PRESIDENT Bush and leaders of five South American nations and Mexico will meet in San Antonio tomorrow and Thursday to expand cooperation in the war on drugs.

The United States is the world's largest consumer of cocaine. Colombia produces three-quarters of the world supply of that drug from coca leaves grown in Bolivia and Peru. Venezuela, Ecuador, and Mexico have become significant transshipment and money-laundering centers for the drug trade.

The overall picture has changed little in the two years since a summit in Cartagena, Colombia, among that country, the US, Bolivia, and Peru.
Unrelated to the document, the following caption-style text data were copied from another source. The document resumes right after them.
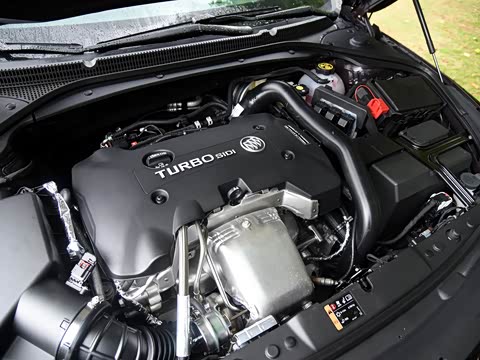 2018�� 28T Avenir��ά��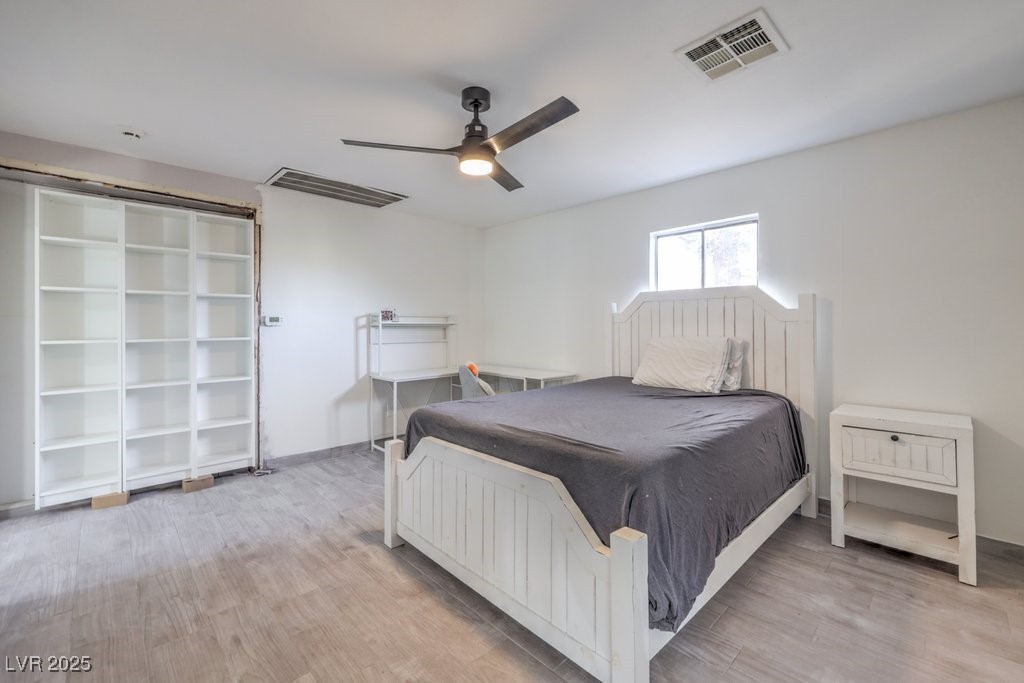 210 East Longacres Drive Property Photo 47
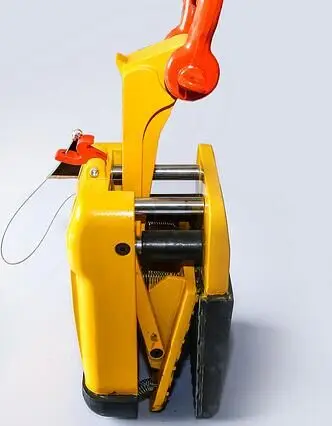Lifter2.jpg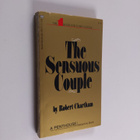 Robert Chartham : The Sensuous Couple - pikkukuva 1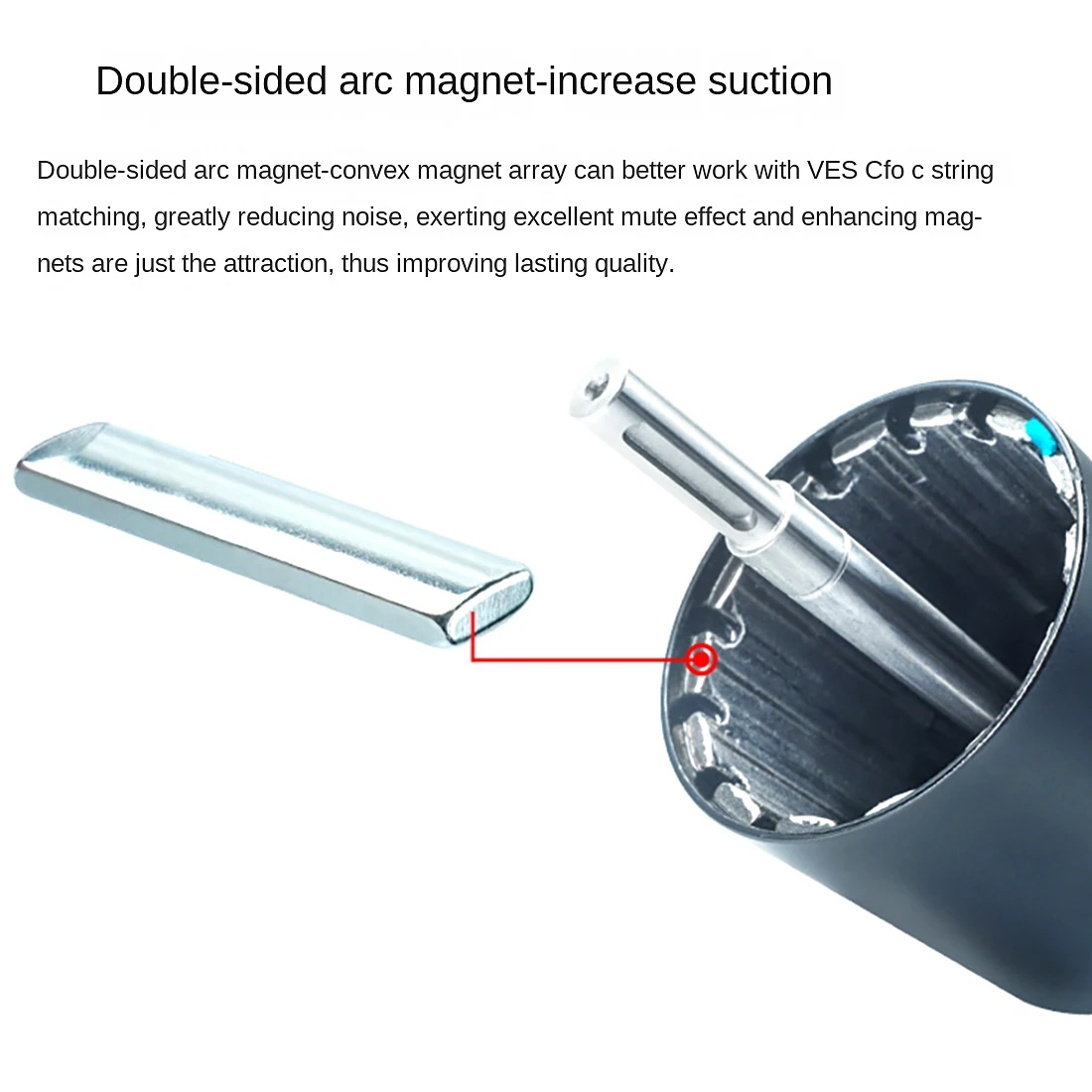 Flipsky Sensored Outrunner Brushless DC Motor Battle Hardened 7070 110KV 4300W for Electric Skateboard/ Ebike/ Scoote/ R F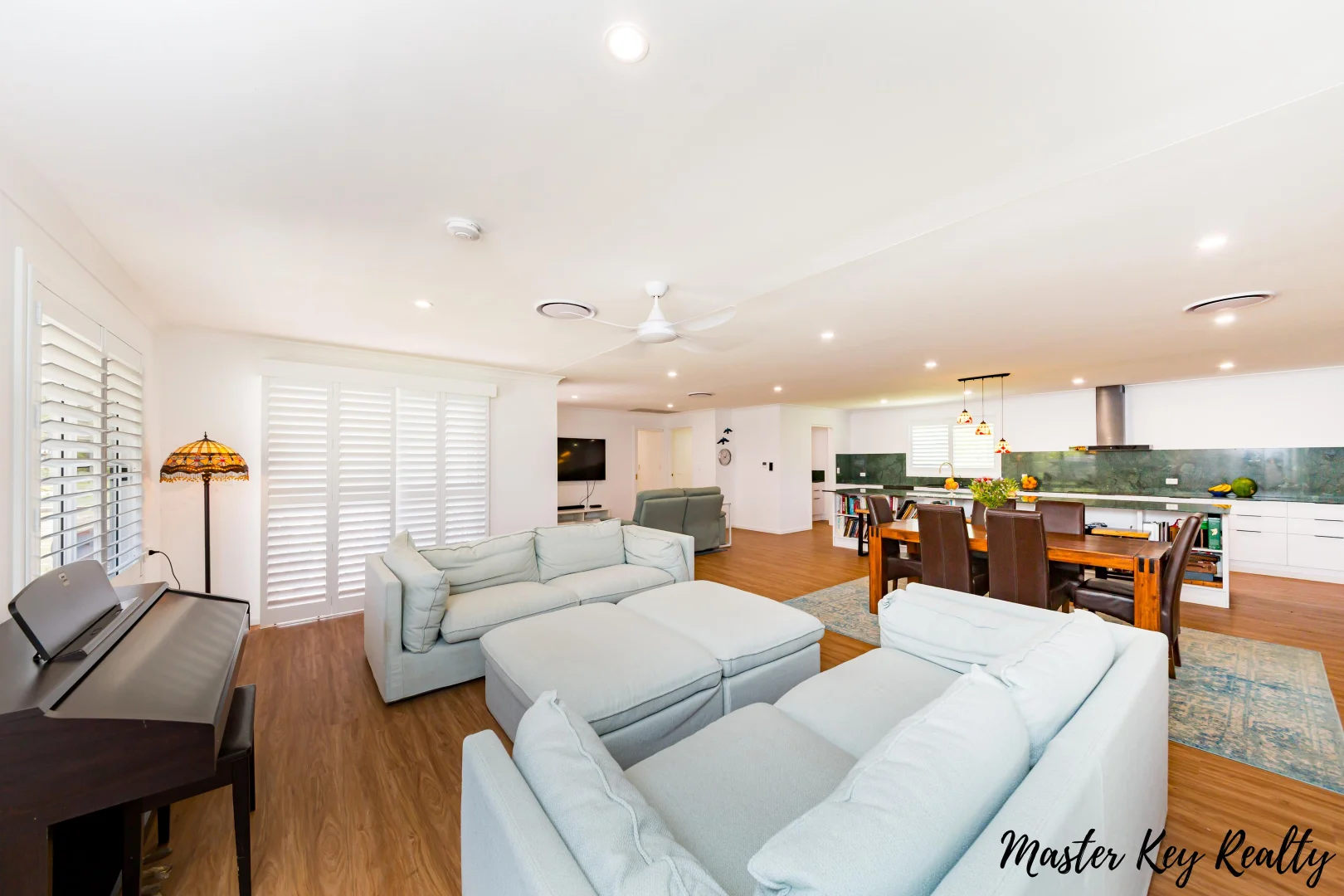 Additional image 10 of 105 Van Hensbroek Road, Bauple QLD 4650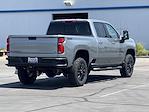 2025 Chevrolet Silverado 2500 Crew Cab 4WD Pickup for sale #25T0574 - photo 2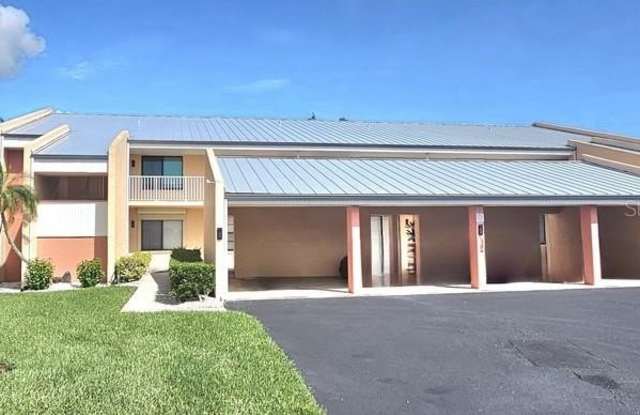 1354 ROCK DOVE Court Gallery 2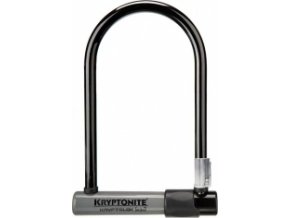 Zámek na klíč KRYPTONITE Kryptolok ATB 127x229mm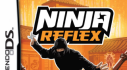 Achievements: Ninja Reflex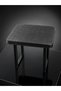 Foldable Plastic Camping Table – Portable and Multi-Purpose Design - 2
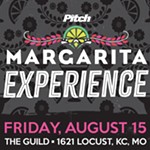 Margarita+Experience+Presented+by+Don+Julio+-+Friday%2C+August+15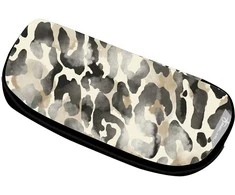 Penalas Belmil 335-82 Wild Cat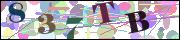 Защита от автоматических сообщений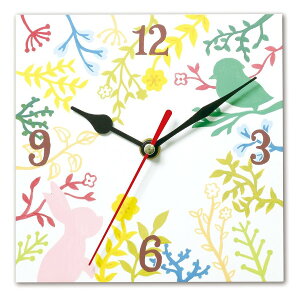 y|Cg3{z莞vHLbg  lC g₷ ֗ ] r[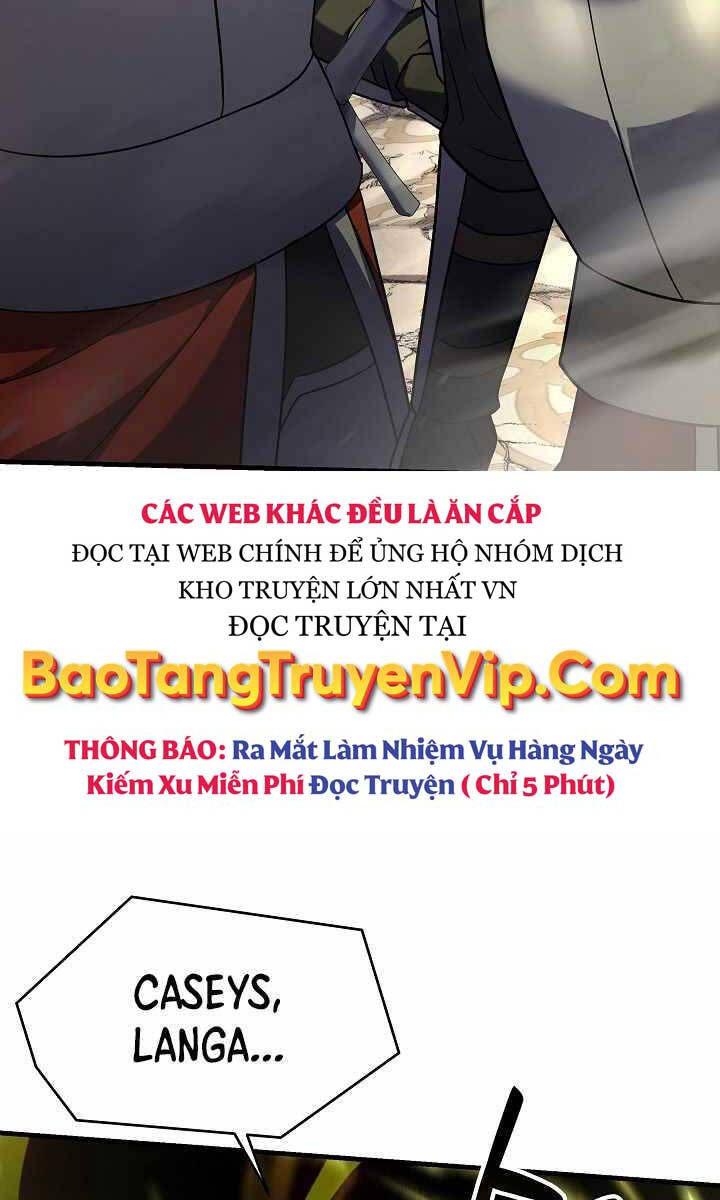 Trang 112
The summit was noted for recognizing that the drug trade is not the fault of either supplying or consuming countries, but rather is a shared problem that they should address jointly.

The resulting "Andean strategy" committed the US to reduce its demand for cocaine and to provide $2 billion in economic and military aid over a three-year period for drug-producing countries to eradicate coca plants and encourage crop substitution. There have been successes. Drug use has declined significantly in the US, while Colombia broke up the Medellin cocaine cartel.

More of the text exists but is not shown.